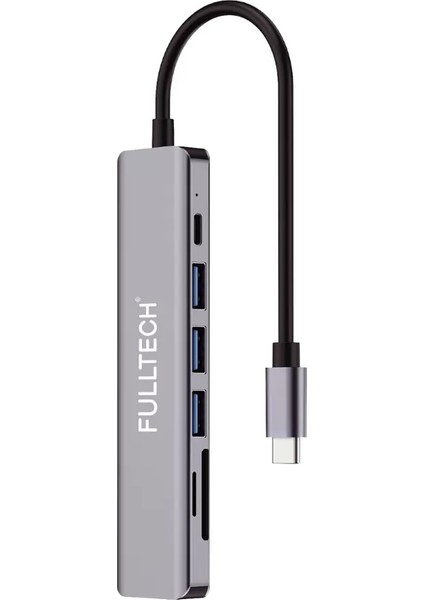 Fh8 Fulltech 7-In-1 Usb-C Hub 3xusb-A, 1xusb-C ve 1xhdmı ve Tf/sd Kard Girişli, Metalik USB Çoklayıcı
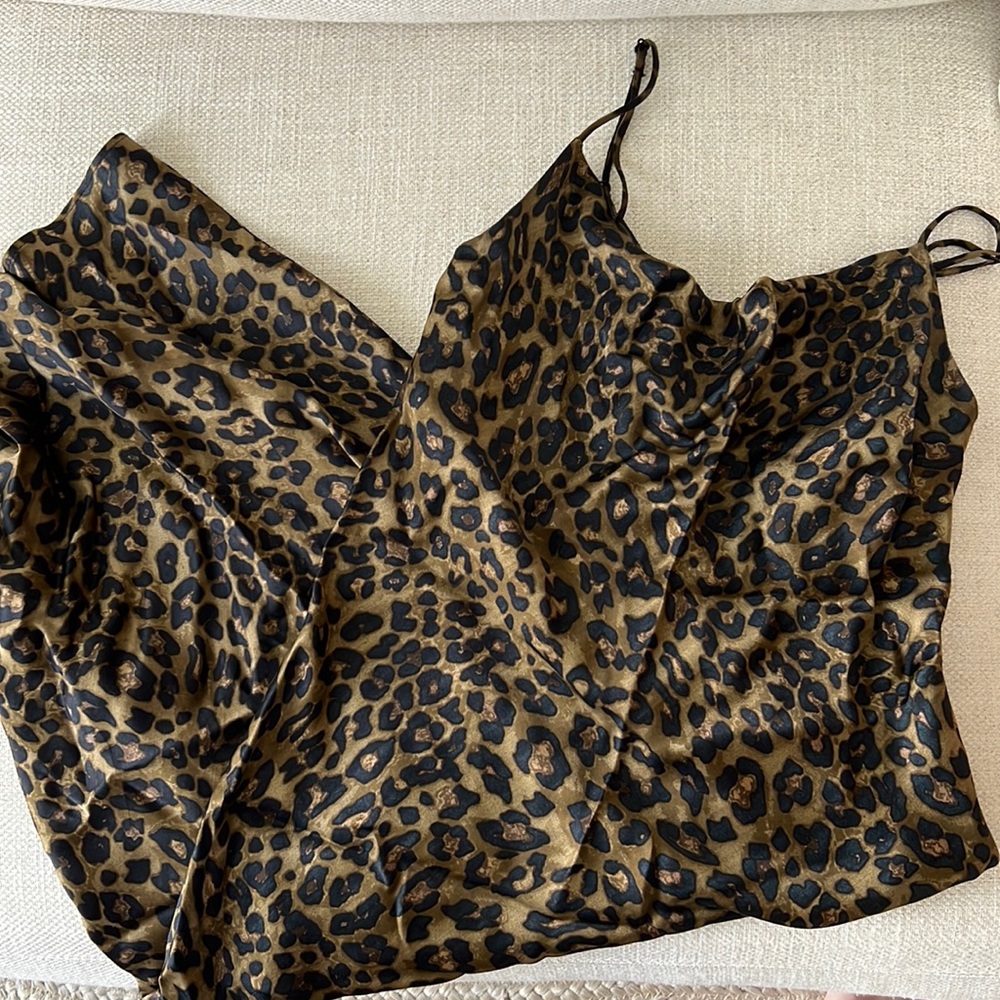 Leopard Green/Black Midi Dress, size small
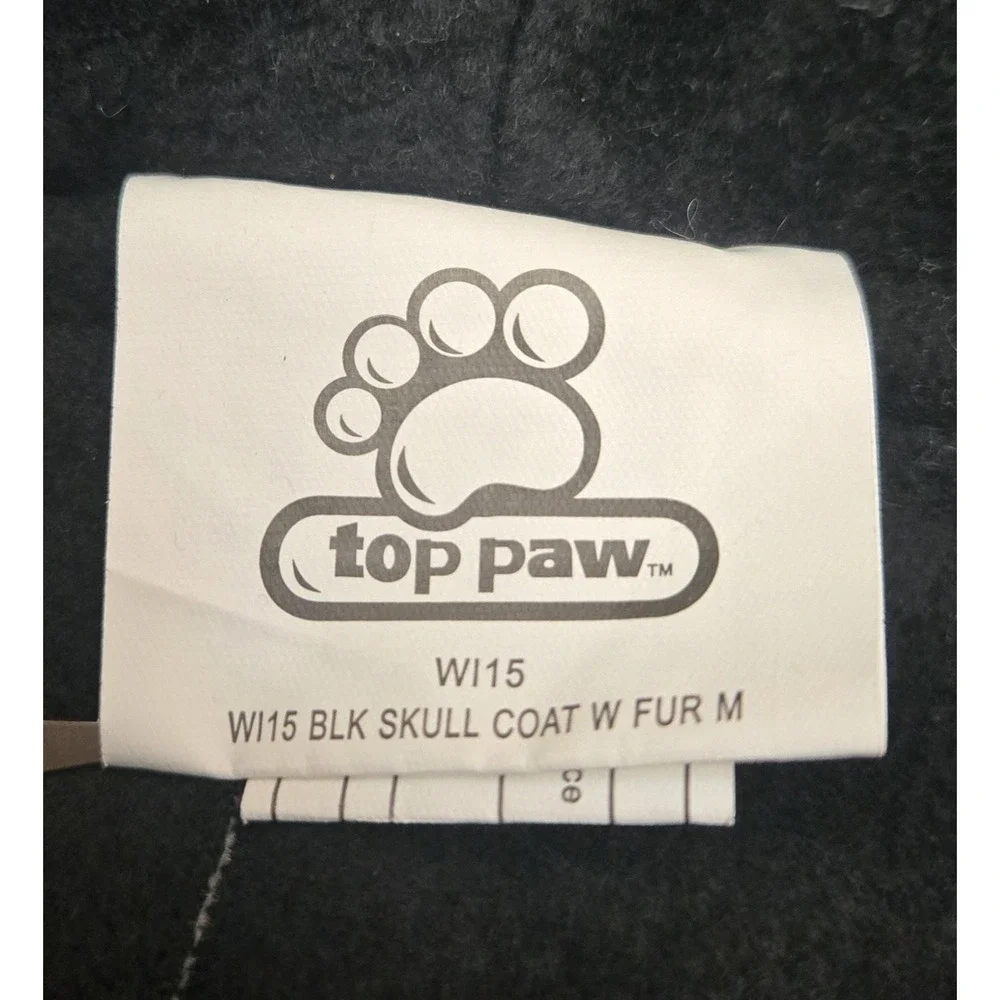Black Top Paw Dog Puffer Coat Fleece Lined Size Md Skull/ Crossbones Mohawk Fur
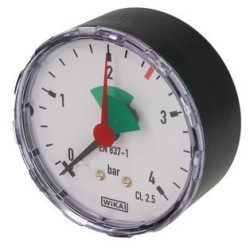 manometer Ø63mm 0-4 bar 3/8 axiaal (achteraansluiting)
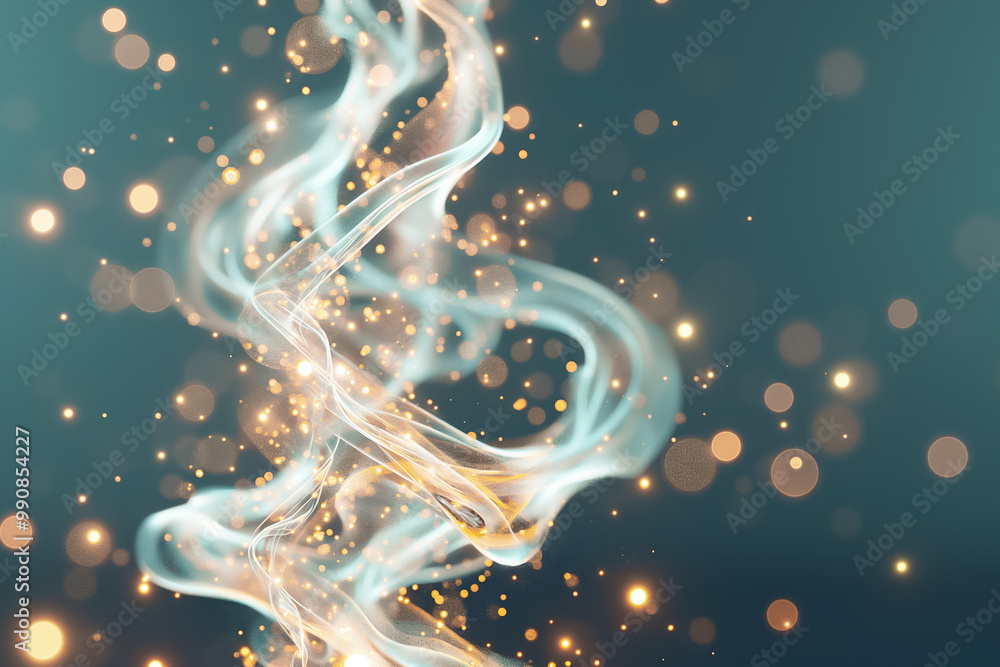 Poster delicate wisps of smoke intertwine, illuminated by shimmering particles that float softly against a 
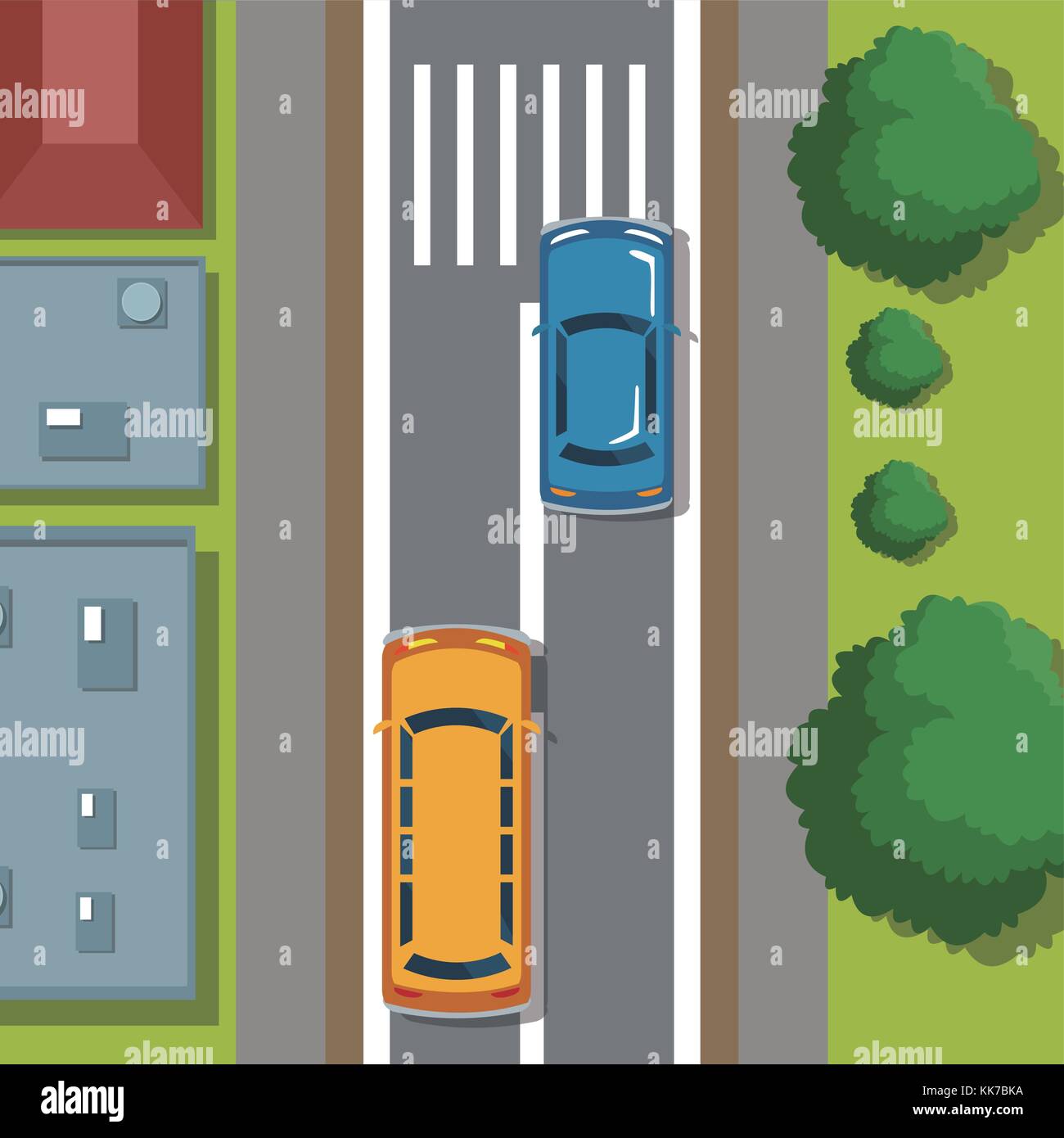 Autobahnen Draufsicht Cartoon Stock Vektorgrafik Alamy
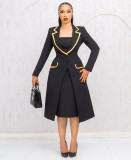 Plus Size Long Blazer Vest Dress Two Piece Set NY-3718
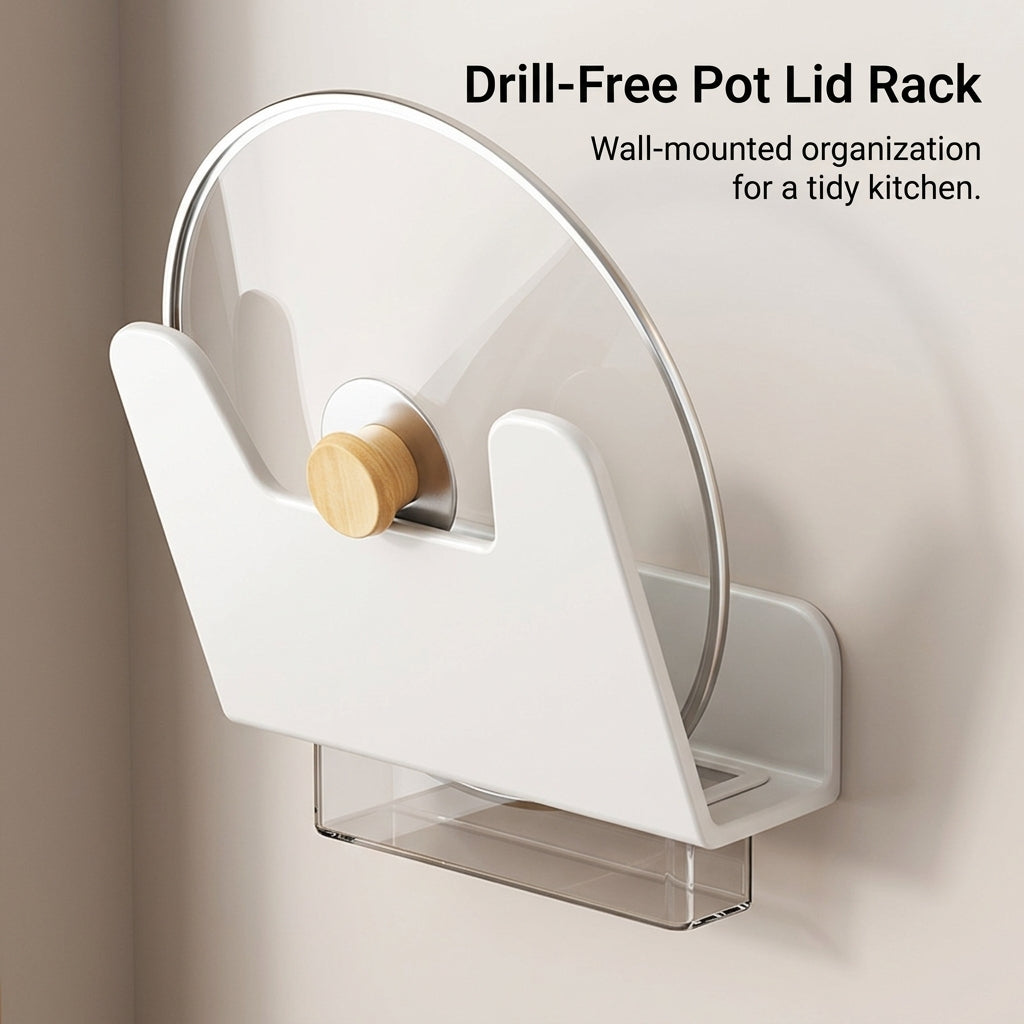 Kitchen Cupboard Lid Organizer for Pantry and Pan Storage, No-Drill Wall-Mounted Pot Rack with Drainage, Carbon Steel Wall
■ ■ ■ ■
■ PROBLEM TO WORK ON ■
Please copy the lines above exactly, starting at the line that holds "manometer Ø63mm 0-4" and ending at the line that holds "Plus Size Long"; include both, but no pictures.

■ YOUR SOLUTION ■
 manometer Ø63mm 0-4 bar 3/8 axiaal (achteraansluiting)
 Poster delicate wisps of smoke intertwine, illuminated by shimmering particles that float softly against a 
 Autobahnen Draufsicht Cartoon Stock Vektorgrafik Alamy
 Plus Size Long Blazer Vest Dress Two Piece Set NY-3718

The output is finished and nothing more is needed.